ECMWF APIs (FAQ, API + data documentation)

Koen_Hufkens · 14 October 2024 12:02

Below you find a centralized compilation of key documentation on the new ECMWF APIs as cross-posted from ECMWF API use | BlueGreen Labs.

I will only use the CDS as a reference, but the same applies to ADS and EWDS. The first section will cover general API use and will be familiar to most, with some gotchas highlighted (e.g. switching services, accepting licenses). Further sections cover breaking changes and advanced API implementations. For now I do not touch data conversion issues formally. This is a living document and I’ll update it when new information becomes available.

General API use

For those ending here with old non-functioning scripts, all API endpoints have been migrated to the new server. This means that you will need to update your login credentials and python packages. To get started follow these instructions:

update your login by registering a new ECMWF account

you need to validate the login for each service
the API key is the same across all services

update the python cdsapi package

pip install 'cdsapi>=0.7.2'

“official” support is provided for this package only
for other implementations, such as {ecmwfr} use the forum

set your API key and API url (depending on the service, more on this below in switching services)
accept the license agreement for the products you want to use

you find the license agreement on the right hand bar in the dataset search panel (see below)
all accepted licenses are listed at the end of your profile page
not accepting the license will generate failed downloads

The instructions assume that you will generate new scripts, based upon the download pages of any service.
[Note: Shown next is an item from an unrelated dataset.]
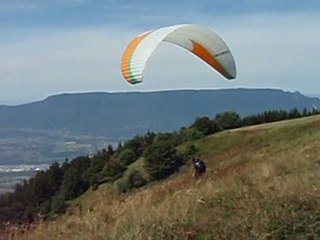 Bapteme en parapente avec Oxygene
Note that using virtual environments (e.g. Anaconda) might create login and path based issues.

Data download pages for all services

Switching services

The cdsapi python package generates a conflict when trying to use the software to download from multiple data services. In short, the URL used for any given services is determined (set) by a value in your .cdsapirc file. If there is a mismatch between the product requested and the URL provided your download will fail. If downloading from CDS and ADS this would necessitate altering the .cdsapirc file. The workaround for this is to set an environmental variable.

FIX: Set a URL environmental variable before every switch in API (data service) in your python script using:
# CDS
os.environ['CDSAPI_URL'] = 'https://cds.climate.copernicus.eu/api'
# ADS
os.environ['CDSAPI_URL'] = 'https://ads.atmosphere.copernicus.eu/api'
# EWDS
os.environ['CDSAPI_URL'] = 'https://ewds.climate.copernicus.eu/api'

# Load libraries
import os
import cdsapi

# Switch to ADS (URL)
os.environ['CDSAPI_URL'] = 'https://ads.atmosphere.copernicus.eu/api'

client = cdsapi.Client()
dataset = "<DATASET-SHORT-NAME>"
request = {
    <SELECTION-REQUEST>
}
target = "<TARGET-FILE>"
client.retrieve(dataset, request, target)

WARNING: Never include your API key in any scripts, you can set the .cdsapirc file for a single service and use the above line before any change in service without exposing your key.

formatting requests

Note that for certain datasets (and probably all where it applies) it is not allowed to mix instantaneous values and cumulative totals. Keep this in mind when querying values across hours of the day in any multi-hour product. Remember that daily and monthly summaries are provided for some values in different overall products.

scheduling

You can schedule your downloads in batches by submitting instances and keeping track of them manually.

# submit a data request
r = client.retrieve(dataset, request)

# set your target directory
target = '/your/directory/for/data'

# ask to download the data
r.download(target)

When you don’t download the data immediately you can poll for a download later. A status is returned if not successful at this point. Doing so allows you to poll on slower schedule and potentially submit multiple queries.

Note that this assumes that you do not drop out of the current script / session and cycle through all requests on a schedule which does not trigger rate limiters (don’t spam the server by looping through things unnecessarily).

slow processing

A common issue are slow request processing. Although the capacity of the services has increased there seem to be, at times, discrepancies between requests initiated through the web portal and the API (python package). These issues are not consistent, before submitting a forum query check the status of the servers at:

https://status.ecmwf.int/

If the services are down (maintenance etc) waiting a while is the best option. Normally the capacity will rebound within a day or so, following maintenance and update schedules.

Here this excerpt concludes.